While e.g. cancelling a job is a relatively straight-forward operation of simply invoking scancel <jobid> (after which the watcher will detect that the job is no longer running and remove it from the job list in the database), starting a job is a highly non-trivial operation. It is therefore worthy for the understanding of the middleware to discuss in detail how this works. Starting a job involves the following steps:

  1. The web frontend submits a request to start a job via the middleware REST API. This request includes (detailed information on the API):
    • The name of the user that owns the job
    • The name of the batch script template. The middleware will attempt to load this file from the $INSTALL_DIR/templates directory. A batch script template is a template for generating a submission script for the HPC scheduler. Templates are in the mustache templating format and hence can contain variables (for example, the name of the launched singularity image) that will be substituted by the middleware in the next step.

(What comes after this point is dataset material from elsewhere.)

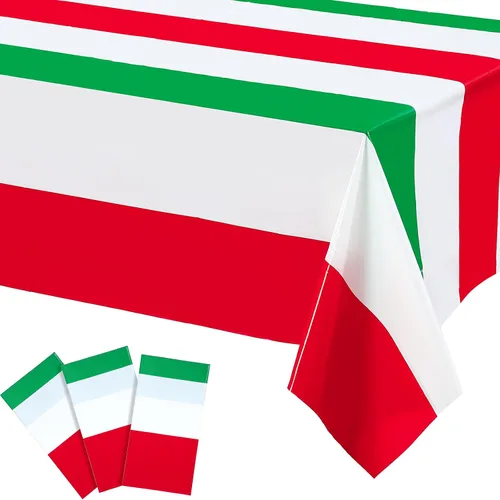 Tatuo Mantel de plástico con diseño de bandera italiana de 54 x 108 pulgadas, rectangular, desechable, para fiestas de Italia, reuniones familiares,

    • A dictionary of variables and their values that the middleware should replace in the batch script template. Notable variables include the name of the singularity image, the number of nodes or expected runtime of the job.
  2. An authentication token is generated for the job and deposited in the middleware's database. This authentication token is used later on to ensure that only jobs that have been submitted through the bwVisu web frontend are allowed to request port forwarding rules.
  3. The middleware turns the batch script template into an actual batch script by
    • Substituting all variables in the template with the values provided by the web frontend. Because these values enter a shell script, they are sanitized for any characters that could be used to inject additional commands (more information)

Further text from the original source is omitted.